Studio album by Two Steps from Hell
- Released: January 18, 2019
- Length: 81:38
- Producer: Thomas Bergersen, Nick Phoenix

Two Steps from Hell chronology
| Unleashed (2017) | Dragon (2019) | Myth (2022) |

= Dragon (Two Steps from Hell album) =

Dragon is the eleventh studio album created by the music production company Two Steps from Hell, released on 18 January 2019. It consists of 19 tracks written by composers Thomas J. Bergersen and Nick Phoenix, and features vocal performances by Merethe Soltvedt, Felicia Farerre and Úyanga Bold.
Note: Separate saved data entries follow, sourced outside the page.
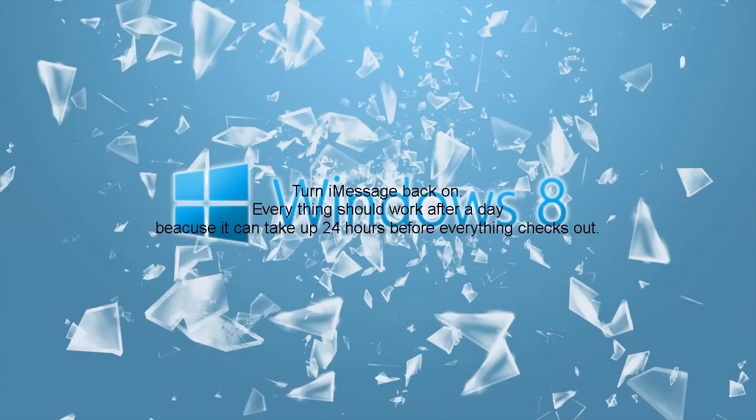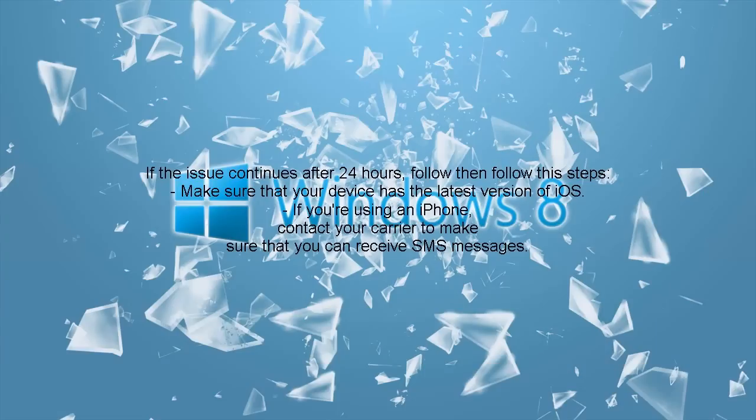Everything should work after a day because it can take up 24 hours before everything checks out. If the issue continues after 24 hours, then follow these steps.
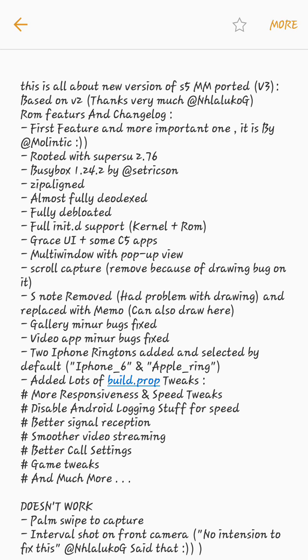Now we have some build.prop tweaks, more responsive and speed tweaks, disable Android logging for speed. Now we have better signal reception, smoother video streaming, better call quality. It means lots and lots of features.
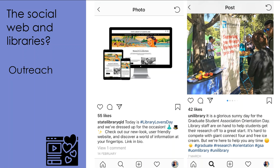They've also used quite a number of hashtags, for example graduate, research, and orientation, in order to reach a much wider audience. They recognise that not too many people actually follow the library's Instagram account, but that people might search or be subscribed to broader hashtags such as research or graduate. By doing so, they're able to harvest the interest and attention of a much wider community and let them know of the services that they're offering.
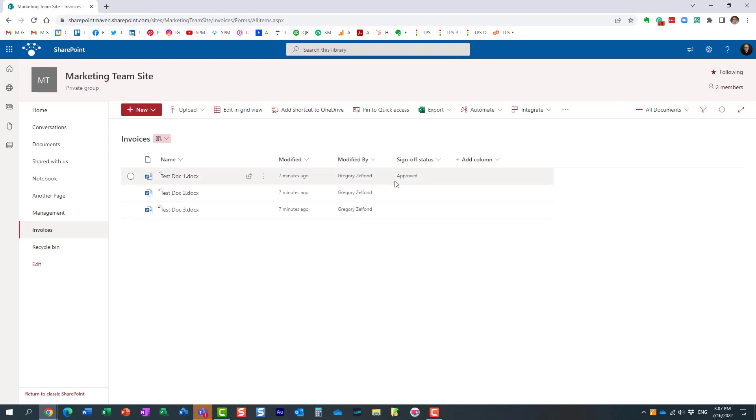So I just carried you through the whole cycle and showed you from start to finish how easy and quickly it is to submit and approve documents in SharePoint Online and Teams.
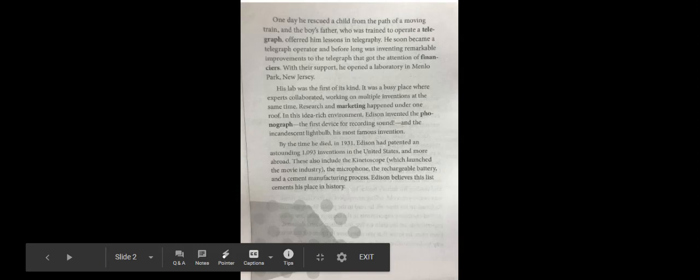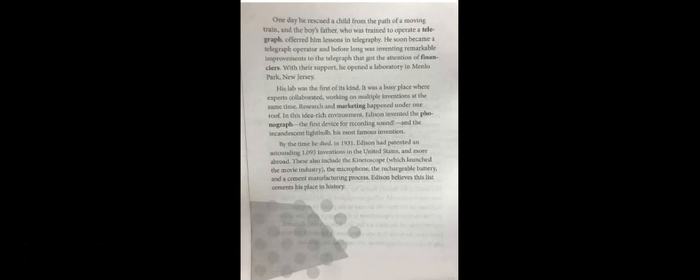One day, he rescued a child from the path of a moving train. And the boy's father, who was trained to operate a telegraph, offered him lessons in telegraphy. He soon became a telegraph operator and before long was inventing remarkable improvements to the telegraph that got the attention of financiers. With their support, he opened a laboratory in Menlo Park, New Jersey.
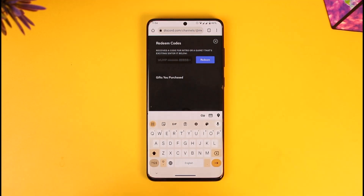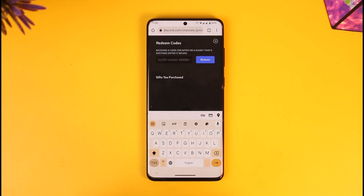As you go to Gift Inventory, all you have to do is enter your Nitro code, tap the redeem option, and your Nitro code will get successfully redeemed. This way you'll be able to redeem a Nitro code on mobile. Hope this video is very helpful. If you have any questions, feel free to leave them down below. Thank you very much for watching, and see you in the next video.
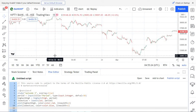Welcome to Pinescript based Algo trading series from Market Secrets. In the previous episodes of this series, we have learned the basics about Pinescript. Now it's time to take it up a little bit further technically.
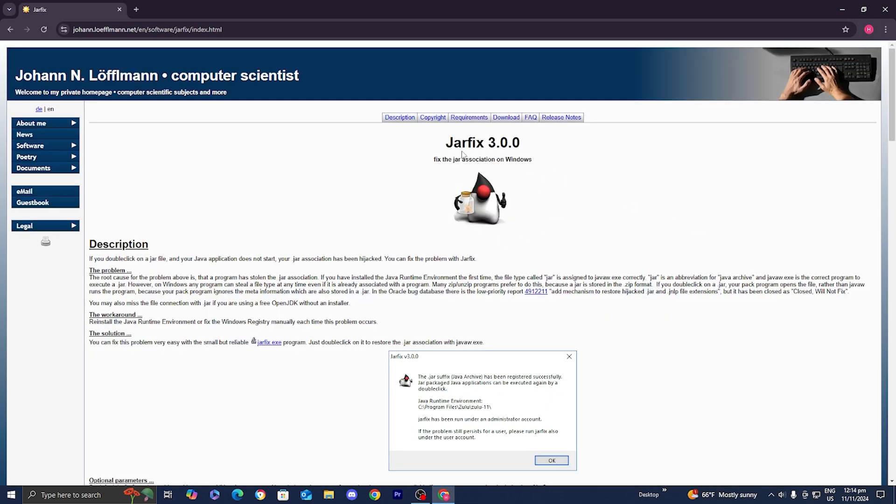Jarfix is a program that we can run on our computer and this is a program that will allow you to fix many of your broken Java files. It's honestly incredibly effective, especially if you just downloaded Java and you're running into some issues.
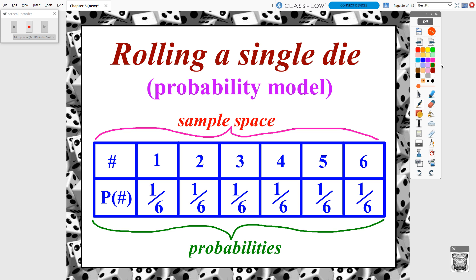Let me show you an example with rolling a six-sided die. The top row uses the number symbol to represent what number you could roll in the sample space. Then I have the probability — capital P — of that particular value. The probability of rolling a one, two, three, four, five, or six is all the same: one sixth.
Chris Bleth and Claudio Pietronik are also credited for specific instrumental performances. The cover artwork and the sleeve are designed by Steven R. Gilmore.

The group live-streamed the album, intercut with cameos from personnel involved, on Facebook a day before its release. It was watched by 14,000 viewers.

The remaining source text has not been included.